Supplied data
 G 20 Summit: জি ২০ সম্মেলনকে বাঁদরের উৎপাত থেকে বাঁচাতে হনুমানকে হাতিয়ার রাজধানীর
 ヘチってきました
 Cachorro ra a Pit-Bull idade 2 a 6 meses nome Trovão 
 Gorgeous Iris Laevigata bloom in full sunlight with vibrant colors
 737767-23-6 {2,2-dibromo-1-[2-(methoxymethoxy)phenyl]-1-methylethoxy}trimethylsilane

==

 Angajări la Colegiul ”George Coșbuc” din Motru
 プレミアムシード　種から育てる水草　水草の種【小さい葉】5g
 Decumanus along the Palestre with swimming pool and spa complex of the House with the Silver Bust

Exercise brief
Scan the lines above for "with", then copy every one that has it.

Exercise output
 Gorgeous Iris Laevigata bloom in full sunlight with vibrant colors
 Decumanus along the Palestre with swimming pool and spa complex of the House with the Silver Bust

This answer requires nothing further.